The present invention can be system, method and/or computer program product.Computer program product may include computerReadable storage medium storing program for executing, containing for making processor realize the computer-readable program instructions of various aspects of the invention.
Computer readable storage medium can be to maintain and store the tangible device of the instruction used by instruction execution equipment.Computer readable storage medium for example can include but is not limited to storage device electric, magnetic storage apparatus, light storage device, electromagnetism and depositStore up equipment, semiconductor memory apparatus or above-mentioned any appropriate combination.The more specific example of computer readable storage mediumSub (non exhaustive list) include: portable computer diskette, hard disk, random access memory (RAM), read-only memory (ROM),Erasable programmable read only memory (EPROM or flash memory), static random access memory (SRAM), Portable compressed disk are read-onlyMemory (CD-ROM), memory stick, floppy disk, mechanical coding equipment, is for example stored thereon with instruction at digital versatile disc (DVD)Punch card or groove internal projection structure and above-mentioned any appropriate combination.

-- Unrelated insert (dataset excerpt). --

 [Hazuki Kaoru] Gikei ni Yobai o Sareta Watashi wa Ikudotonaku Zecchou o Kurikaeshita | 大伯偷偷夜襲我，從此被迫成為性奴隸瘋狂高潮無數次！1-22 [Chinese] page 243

Various embodiments of the present invention are described above, above description is exemplary, and non-exclusive, andIt is not limited to disclosed each embodiment.Without departing from the scope and spirit of illustrated each embodiment, for this skillMany modifications and changes are obvious for the those of ordinary skill in art field.The selection of term used herein, purportIn principle, the practical application or to the technological improvement in market for best explaining each embodiment, or make the art itsIts those of ordinary skill can understand each embodiment disclosed herein.